Friday, May 26, 2017

Crazy for Chintz: A New Addition to the Sheraton Room

Bedspread, English roller-printed chintz, ca. 1820
This winter’s renovation project focused on the second-floor bedroom, also known as the Sheraton Room. A coat of paint, some rearrangement of furniture, and a few new highlighted pieces have made this room an even more inviting space. The beautiful Sheraton-style four poster bed has been the perfect way to showcase the wide variety of textiles in the Alice’s collection, such as the “Apotheosis of Franklin and Washington” quilt made by Anna Moore Hubbell, Lena Olena Blow’s early-20th century silk crazy quilt, and the woven coverlet donated by Anna Ernberg. 

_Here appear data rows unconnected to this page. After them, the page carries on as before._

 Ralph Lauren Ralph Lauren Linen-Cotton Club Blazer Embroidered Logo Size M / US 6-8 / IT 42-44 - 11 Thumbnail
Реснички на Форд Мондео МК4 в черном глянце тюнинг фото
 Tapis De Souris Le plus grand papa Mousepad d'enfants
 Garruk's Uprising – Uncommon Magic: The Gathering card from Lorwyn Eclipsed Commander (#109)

The bedspread currently on the bed is one that, as far as I can tell, has never been displayed before. It is made of a single layer of cotton chintz printed in a pattern that combines a variety of floral motifs in brown, pinks, blue, and green. The material is only twenty-six inches wide, and the lengths are sewn together with very narrow seams of less than a quarter inch. The top hem is faced with a strip of cotton in another print. The material was most likely made in England around 1820 using the roller-printing process.

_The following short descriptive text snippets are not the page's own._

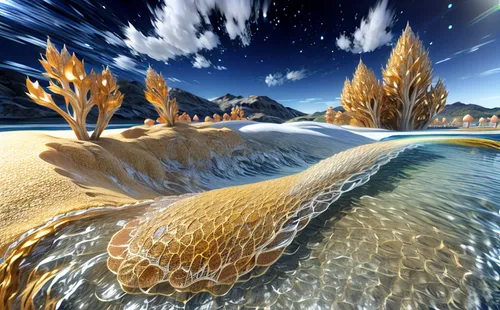 ice landscape,virtual landscape,underwater landscape,salt meadow landscape,ice planet,dune landscape,fractal environment,braided river,desert landscape,futuristic landscape,desert desert landscape,lunar landscape,arid landscape,dune sea,mushroom landscape,fantasy landscape,waterscape,fossil dunes,dune grass,salt desert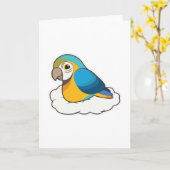 Papagei mit Cloud Karte (Gelbe Blume)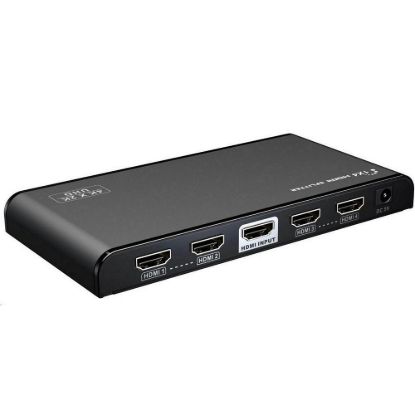 Obrázek PremiumCord HDMI 2.0 splitter 1- 4 porty, 4K x 2K/ 60 Hz, FULL HD, 3D, černý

An example of an Indian chintz made for the
European market, ca. 1750-1775
When British, Dutch, and French trading companies began importing textiles from India in the 17th century, Europeans were immediately captivated by the floral printed and painted cottons they called indiennes (in France) and chintzes (in England). These lightweight, washable, and colorful fabrics were much in demand both for household furnishings and for apparel, and European manufacturers soon began working to develop the technology to make their own versions. They were so popular, in fact, that French and English silk and wool manufacturers feared the competition and successfully agitated to restrict the manufacture and import of printed textiles. Despite these laws, the popularity of printed textiles only grew during the 18th century.


Block printer at work.
“Calico” was another general
term for a printed textile.
There were three basic ways to transfer a pattern to fabric: block printing, copperplate printing, and roller printing. Block printing uses carved wooden blocks, one for each color in the design, to which colorant is applied before being placed on the fabric and struck with a mallet to impress the pattern. Though the basic idea behind block printing is simple, it required great skill to precisely align the blocks to create the pattern, and the more colors used, the more difficult it was. Nonetheless, even as new technologies for printing were introduced, block printing remained the most common technique until the early 19th century.

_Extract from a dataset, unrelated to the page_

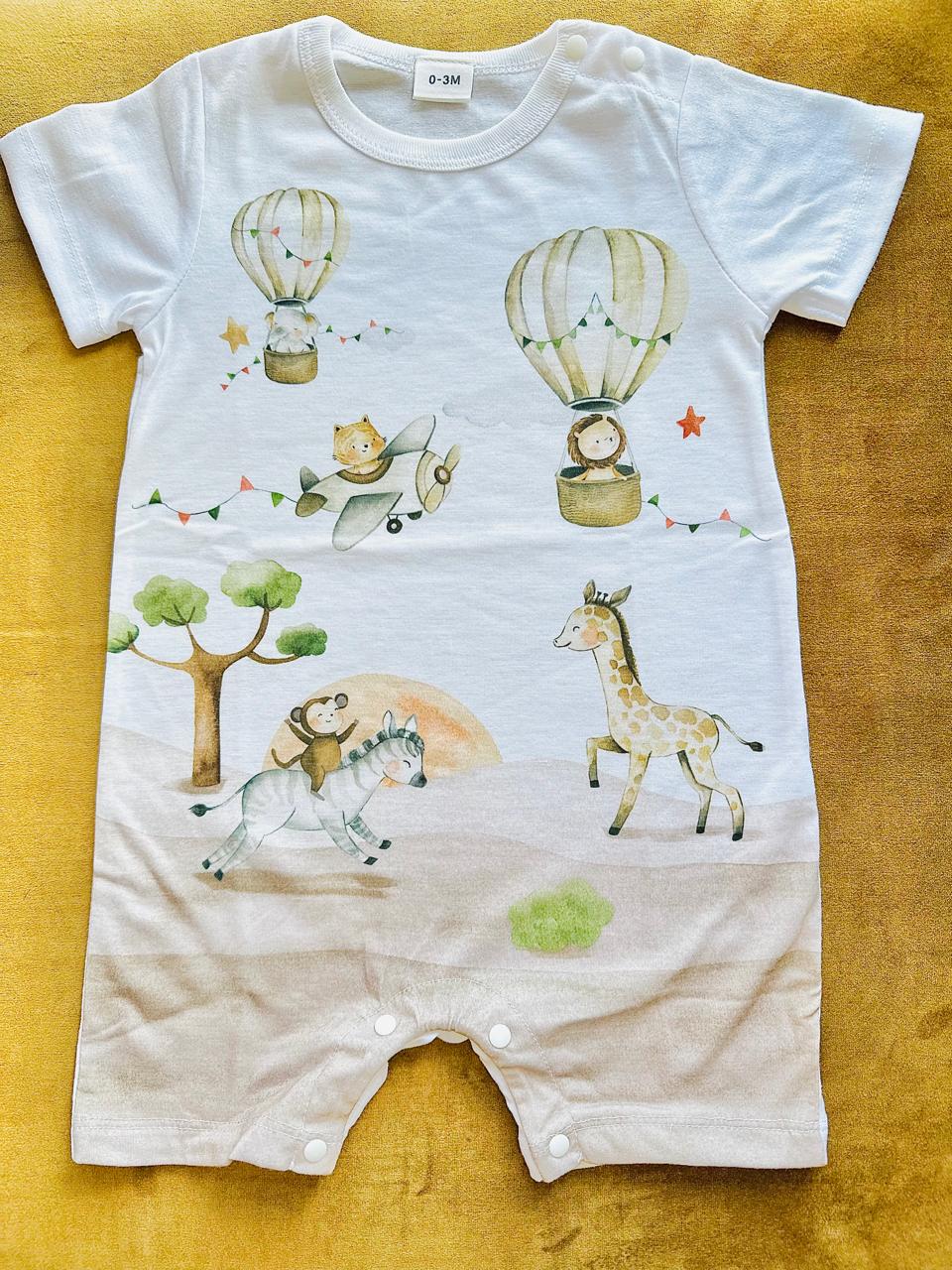 Adorable Baby Animal Print Romper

In the 1750s, copperplate printing was introduced in Ireland. This form of printing fabric uses the same principles as printing on paper—a metal plate is engraved with the design and ink (or dye) is applied to the plate. Copperplate printing had some advantages over block printing: patterns could be much bigger (because the printing was done with a press in which the fabric was laid on top of the plate) and images could be much more detailed and realistic. Copperplate printing was used to produce the famous toiles de jouy, but was also used for chintzes.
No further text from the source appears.